The following discussion is an archived debate of the proposed deletion of the article below. Please do not modify it. Subsequent comments should be made on the appropriate discussion page (such as the article's talk page or in a deletion review). No further edits should be made to this page.

The result was keep.--Fuhghettaboutit 01:53, 15 August 2007 (UTC)[reply]

Aleksandr Aleksandrovich Shmuk[edit]

Aleksandr Aleksandrovich Shmuk (edit | talk | history | protect | delete | links | watch | logs | views) – (View log)

Not notable enough. King of ♠ 17:12, 10 August 2007 (UTC)[reply]

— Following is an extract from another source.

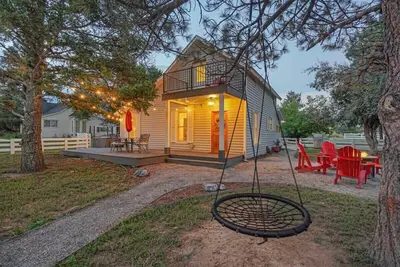 Image de Old Farmhouse, Downtown Monument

  • Keep per all subsequent input. --Targeman 23:10, 10 August 2007 (UTC)[reply]
Comment I don't know that having or not having many google hits is the best judge of notability for a soviet biochemist who died more than 60 years ago. The Stalin Prize was one of the highest awards a scientific figure could receive in the USSR at that time (see list of other laureates) and his place in the Soviet Encyclopedia which was the standard reference book in the USSR rather seals the deal for me.
Comment please review the article, I have made some additions to it that I believe address your concerns. Bigdaddy1981 21:54, 10 August 2007 (UTC)[reply]
You are right his name most likely was at some point transliterated into cyrillic from the roman alphabet (he is most likely of jewish or volga german origin so the german or yiddish spelling of his name would be Schmuck) and then transliterated back to roman. You raise an interesting point re Lysenko but I would be hestitant to damn all Soviet scientists involved with plant science of that era based on Lysenko tomfoolery and politicking. Indeed Shmuk may not be involved at all - given a good part of his work was earlier than the Lysenko era and (specially) because he was a biochemist not a geneticist. Bigdaddy1981 16:19, 11 August 2007 (UTC)[reply]
Right that we can't dismiss him solely because of the era, but the timing of the Stalin Prize means we have to be more careful, was my point. If he was a geneticist, I think I would vote to dismiss until solid references are put up. Still, the article probably requires more care than other Soviet scientists, because he would have fallen under agriculture, and I would like to see some solid off-web references included. I'm not sure about deleting or not, though. Yes, you're right, Schmuck, not Schmuk. Oh, see note below about where Shmuk was working! KP Botany 19:27, 11 August 2007 (UTC)[reply]
The current transliteration is somehow unusual but not against the conventions, if one can label the few Web references as conventions. (See not very helpful Wikipedia:Romanization of Russian.) According to Nikolai Vavilov, Shmuk/Schmuck was working in a laboratory he headed [1] (page 115, page 5 in the document) in 1939 and this makes him rather unlike Lysenkoist. Pavel Vozenilek 19:21, 11 August 2007 (UTC)[reply]
It's not that the transliteration is against conventions or unusual, it's that editors researching him on the web should know that his name might not be spelled consistently, particularly not as Shmuk, in many older scientific references, and should broaden their searches accordingly. So, he worked in Vavilov's laboratory? That really turns the politics on its head!!! Thanks for the information. KP Botany 19:27, 11 August 2007 (UTC)[reply]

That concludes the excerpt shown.